Sarah B. (skatkat) reviewed The Sense of an Ending (Vintage International) on
Helpful Score: 2
I read this book because I'm working my way through books that have won the man booker award as a sort of book project. I usually love books that are introspective but this one left me with a sour memory.
It was written in an utterly pretentious way with none of the depth that the writer was obviously hoping and desperately attempting to instill into the book. None of the characters were likeable or even relate able because they in no way connected with each other.
Yes it's a short book and I did read the whole thing but only out of curiosity as to why exactly this book was awarded anything. Seems to me there were many other more deserving contenders in 2011 that should have beaten this pretentious opaque pile of paper.
My bookclub read this book, and it was interesting to see all the theories and speculation about the characters' motivations that were expressed in the discussion. It can be read in one sitting, but it feels as if you've read a much longer book due to its depth. To me it's like an older person's Catcher in the Rye. I liked it!
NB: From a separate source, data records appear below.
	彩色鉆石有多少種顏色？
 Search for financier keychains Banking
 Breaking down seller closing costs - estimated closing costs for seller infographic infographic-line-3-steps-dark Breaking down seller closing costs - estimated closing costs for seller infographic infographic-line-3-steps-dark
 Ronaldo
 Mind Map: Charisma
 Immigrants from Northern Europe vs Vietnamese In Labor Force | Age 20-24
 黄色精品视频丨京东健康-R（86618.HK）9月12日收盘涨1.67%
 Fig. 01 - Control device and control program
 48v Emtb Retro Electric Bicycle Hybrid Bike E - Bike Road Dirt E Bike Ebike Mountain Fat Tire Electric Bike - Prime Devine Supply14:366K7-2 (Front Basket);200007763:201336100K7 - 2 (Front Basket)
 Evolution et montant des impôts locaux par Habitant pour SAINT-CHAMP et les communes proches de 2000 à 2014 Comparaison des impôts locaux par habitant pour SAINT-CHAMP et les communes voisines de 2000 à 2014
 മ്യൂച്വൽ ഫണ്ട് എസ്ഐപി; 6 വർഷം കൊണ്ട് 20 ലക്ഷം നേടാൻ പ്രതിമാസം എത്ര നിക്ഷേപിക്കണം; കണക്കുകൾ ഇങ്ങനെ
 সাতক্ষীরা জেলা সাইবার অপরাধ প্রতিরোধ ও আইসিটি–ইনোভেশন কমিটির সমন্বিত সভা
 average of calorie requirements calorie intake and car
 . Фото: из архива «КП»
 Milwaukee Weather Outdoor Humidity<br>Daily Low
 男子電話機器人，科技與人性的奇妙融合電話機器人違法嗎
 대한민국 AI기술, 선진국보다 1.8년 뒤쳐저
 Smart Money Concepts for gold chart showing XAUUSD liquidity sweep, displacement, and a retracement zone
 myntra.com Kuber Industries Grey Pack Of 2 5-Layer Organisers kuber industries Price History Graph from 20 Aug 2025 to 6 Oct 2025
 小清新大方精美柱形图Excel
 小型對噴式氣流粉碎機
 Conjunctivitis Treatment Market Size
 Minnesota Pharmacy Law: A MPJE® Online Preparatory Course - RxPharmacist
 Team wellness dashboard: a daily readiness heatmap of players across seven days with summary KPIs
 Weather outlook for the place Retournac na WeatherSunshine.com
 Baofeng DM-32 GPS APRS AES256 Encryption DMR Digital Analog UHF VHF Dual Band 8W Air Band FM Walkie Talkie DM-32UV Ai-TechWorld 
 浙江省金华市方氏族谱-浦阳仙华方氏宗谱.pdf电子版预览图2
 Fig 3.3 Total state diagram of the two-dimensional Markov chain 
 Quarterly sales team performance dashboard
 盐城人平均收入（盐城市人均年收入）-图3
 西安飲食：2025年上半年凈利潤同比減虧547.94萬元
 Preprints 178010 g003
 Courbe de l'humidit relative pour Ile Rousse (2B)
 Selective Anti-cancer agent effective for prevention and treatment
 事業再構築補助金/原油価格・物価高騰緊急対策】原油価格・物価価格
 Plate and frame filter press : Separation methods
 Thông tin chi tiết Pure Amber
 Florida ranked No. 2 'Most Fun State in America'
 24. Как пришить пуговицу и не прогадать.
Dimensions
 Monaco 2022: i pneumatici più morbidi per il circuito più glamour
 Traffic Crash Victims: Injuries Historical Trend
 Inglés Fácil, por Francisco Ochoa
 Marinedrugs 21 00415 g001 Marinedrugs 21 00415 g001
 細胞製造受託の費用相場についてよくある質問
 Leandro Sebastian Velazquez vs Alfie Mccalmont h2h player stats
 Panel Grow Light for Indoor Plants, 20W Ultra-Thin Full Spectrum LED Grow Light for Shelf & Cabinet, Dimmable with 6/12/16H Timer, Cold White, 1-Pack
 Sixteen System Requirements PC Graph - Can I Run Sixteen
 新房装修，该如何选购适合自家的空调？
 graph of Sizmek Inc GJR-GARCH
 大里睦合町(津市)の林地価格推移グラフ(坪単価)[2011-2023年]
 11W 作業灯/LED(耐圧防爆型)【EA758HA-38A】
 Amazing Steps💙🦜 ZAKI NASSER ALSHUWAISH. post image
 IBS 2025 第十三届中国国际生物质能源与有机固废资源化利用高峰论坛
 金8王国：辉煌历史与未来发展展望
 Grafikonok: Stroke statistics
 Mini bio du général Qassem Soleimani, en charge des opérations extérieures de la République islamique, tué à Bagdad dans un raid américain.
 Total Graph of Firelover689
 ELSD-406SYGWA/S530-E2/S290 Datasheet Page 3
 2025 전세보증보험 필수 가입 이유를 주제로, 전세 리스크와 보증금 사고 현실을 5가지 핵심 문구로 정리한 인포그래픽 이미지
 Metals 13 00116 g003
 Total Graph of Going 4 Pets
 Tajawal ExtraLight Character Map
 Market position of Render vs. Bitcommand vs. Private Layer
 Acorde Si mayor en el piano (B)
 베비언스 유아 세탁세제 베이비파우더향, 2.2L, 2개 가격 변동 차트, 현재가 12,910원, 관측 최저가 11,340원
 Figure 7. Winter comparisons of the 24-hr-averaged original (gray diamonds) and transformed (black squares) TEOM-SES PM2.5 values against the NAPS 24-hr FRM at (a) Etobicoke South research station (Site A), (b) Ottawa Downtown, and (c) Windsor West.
No thanks, this reads like something an angrey English Professor would have MADE me read in college. It could not grab my attention at all and despite its short number of pages, I could get through the first 30!
This was a treat to read. The author's writing style is so different from what I'm used to - it was lyrical, somehow. The ending surprised me. If I didn't have a whole stack of books waiting to be read, I would reread this one. Great book.
This is a difficult book to describe, as I did not like it so much as I respected it. That is to say, the writing and message appealed to me, even as the story was certainly not one that I loved. Basically, it is all about how our memory and the truth of things do not necessarily agree with each other. It is a compelling and honest message, buoyed by strong writing skill, which effectively carried me through to the end even as parts fell a bit flat to me. The main issue is, I suppose, the lack of likability on the part of any of the characters within the narrative. That may not bother you, but I was left wanting to yell at the primary narrator that he was not as great of a guy as he thinks, and the only real redemption granted the reader is that the guy does at least somewhat realize it in the end. If that sounds okay to you, then it's worth checking out.